In <[email protected]>, on 04/25/2013
at 08:47 PM, "Joel C. Ewing" <[email protected]> said:
>An old, old historic convention with punch cards was to use an "11"
> punch above the rightmost digit on a card for negative numeric
>fields (which converts that column to represent EBCDIC X'D0' to
>X'D9) and no zone punch if positive, so PACK applied to bytes from
>such a field would get a consistent "F" sign for positive and "D"

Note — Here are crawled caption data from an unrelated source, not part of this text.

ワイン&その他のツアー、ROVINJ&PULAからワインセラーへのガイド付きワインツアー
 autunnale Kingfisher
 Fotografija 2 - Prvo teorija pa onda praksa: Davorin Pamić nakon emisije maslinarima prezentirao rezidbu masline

>sign for negative and the result of the pack could be directly used
>as a Packed Decimal arithmetic operand. Going the other way, if you
>knew for certain that the packed number was positive and the sign
>nibble was "F", then UnPack gives the correct EBCDIC character
>for the rightmost digit without any clean up. Unfortunately
>results of packed decimal arithmetic use "C" for positive results,
>so if unsure how a field was produced, something like an OI of
>"F0" would be required on the rightmost byte for positive values
>to force a numeric character after an Unpack (or use some
>alternative unpack method like the Edit instruction). A minor
>simplification, granted, but being able to eliminate a few
>instructions is always aesthetically pleasing.
What are you eliminating? If some of your data were produced with AP,
then you need the code to deal with a C zone.
--
Shmuel (Seymour J.) Metz, SysProg and JOAT
Atid/2 <http://patriot.net/~shmuel>
We don't care. We don't have to care, we're Congress.